NVIDIA has released HelpSteer2, an open-source dataset designed to train state-of-the-art reward models for aligning LLMs with human preferences. The permissively licensed dataset under CC-BY-4.0 contains 10,681 prompt-response pairs annotated across five attributes on a Likert scale by over 1,000 US-based annotators.
Read the full paper here.
The HelpSteer2 dataset achieves a state-of-the-art 92.0% accuracy on RewardBench’s primary dataset when used to train a reward model with NVIDIA’s 340B Nemotron-4 base model, outperforming all other open and proprietary models as of June 12, 2024.
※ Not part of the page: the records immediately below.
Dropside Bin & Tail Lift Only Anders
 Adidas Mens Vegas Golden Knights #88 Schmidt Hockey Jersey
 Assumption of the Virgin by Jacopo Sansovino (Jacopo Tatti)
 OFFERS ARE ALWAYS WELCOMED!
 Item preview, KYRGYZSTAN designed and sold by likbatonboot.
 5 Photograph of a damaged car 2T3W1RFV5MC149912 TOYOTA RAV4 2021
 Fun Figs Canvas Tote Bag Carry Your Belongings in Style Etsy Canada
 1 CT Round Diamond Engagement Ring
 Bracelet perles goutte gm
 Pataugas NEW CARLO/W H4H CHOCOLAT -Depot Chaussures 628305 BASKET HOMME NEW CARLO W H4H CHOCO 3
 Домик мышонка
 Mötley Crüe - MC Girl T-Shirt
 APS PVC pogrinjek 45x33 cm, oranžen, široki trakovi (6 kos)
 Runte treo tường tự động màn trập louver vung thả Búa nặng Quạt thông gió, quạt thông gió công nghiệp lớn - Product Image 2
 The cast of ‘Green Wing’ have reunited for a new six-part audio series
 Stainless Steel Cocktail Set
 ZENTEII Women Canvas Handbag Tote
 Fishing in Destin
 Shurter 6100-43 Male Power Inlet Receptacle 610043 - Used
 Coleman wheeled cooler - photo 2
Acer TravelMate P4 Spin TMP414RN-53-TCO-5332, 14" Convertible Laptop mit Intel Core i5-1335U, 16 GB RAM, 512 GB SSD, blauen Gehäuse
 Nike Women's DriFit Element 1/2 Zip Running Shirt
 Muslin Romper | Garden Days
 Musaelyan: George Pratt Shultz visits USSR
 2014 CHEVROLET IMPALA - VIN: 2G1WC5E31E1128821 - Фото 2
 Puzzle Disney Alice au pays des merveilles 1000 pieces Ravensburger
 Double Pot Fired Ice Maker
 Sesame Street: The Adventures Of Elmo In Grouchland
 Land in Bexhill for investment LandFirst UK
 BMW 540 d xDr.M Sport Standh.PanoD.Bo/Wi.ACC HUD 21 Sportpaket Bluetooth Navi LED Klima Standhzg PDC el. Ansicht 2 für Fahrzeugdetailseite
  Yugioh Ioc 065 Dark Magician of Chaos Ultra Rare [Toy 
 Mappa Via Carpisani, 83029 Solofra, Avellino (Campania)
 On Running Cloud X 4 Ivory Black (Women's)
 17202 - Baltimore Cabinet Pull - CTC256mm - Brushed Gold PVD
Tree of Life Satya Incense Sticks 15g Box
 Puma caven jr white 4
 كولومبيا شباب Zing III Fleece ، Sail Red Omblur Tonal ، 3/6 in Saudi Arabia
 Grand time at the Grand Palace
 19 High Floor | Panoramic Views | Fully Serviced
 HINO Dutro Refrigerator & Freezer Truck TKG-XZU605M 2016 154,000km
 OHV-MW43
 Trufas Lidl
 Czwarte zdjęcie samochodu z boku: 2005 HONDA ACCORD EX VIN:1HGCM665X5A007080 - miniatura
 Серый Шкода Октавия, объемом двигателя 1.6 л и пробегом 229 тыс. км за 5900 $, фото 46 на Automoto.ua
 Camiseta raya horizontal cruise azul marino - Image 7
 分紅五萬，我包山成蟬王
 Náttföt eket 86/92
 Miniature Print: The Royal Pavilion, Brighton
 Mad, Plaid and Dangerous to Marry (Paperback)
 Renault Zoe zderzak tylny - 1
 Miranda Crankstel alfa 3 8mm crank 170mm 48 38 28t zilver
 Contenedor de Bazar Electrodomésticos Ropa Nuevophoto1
It is highly data-efficient, requiring only 10,000 response pairs compared to the millions used in other preference datasets, thus significantly reducing computational costs.
It enables the training of reward models that can effectively align large language models like Llama 3 70B to match or exceed the performance of models such as Llama 3 70B Instruct and GPT-4 on major alignment metrics. Additionally, it introduces SteerLM 2.0, a novel model alignment approach that leverages multi-attribute reward predictions to train LLMs on complex, multi-requirement instructions.
“High-quality preference data is crucial for aligning AI systems with human values, but existing datasets are often proprietary or of inconsistent quality,” said Zhilin Wang, senior research scientist at NVIDIA. “
HelpSteer2 provides an open, permissively licensed alternative for both commercial and academic use.
The HelpSteer2 dataset is available on the Hugging Face hub, and the code is open-sourced on NVIDIA’s NeMo-Aligner GitHub repository.
Sentiment Analysis Datasets
HelpSteer2 trains and guides models to behave in ways that people prefer. Additionally, there are many other sentiment analysis models with applications in various fields, helping enterprises accurately understand and learn from their clients or customers.
Some examples include Amazon product data, the multi-domain sentiment dataset, and Sentiment140.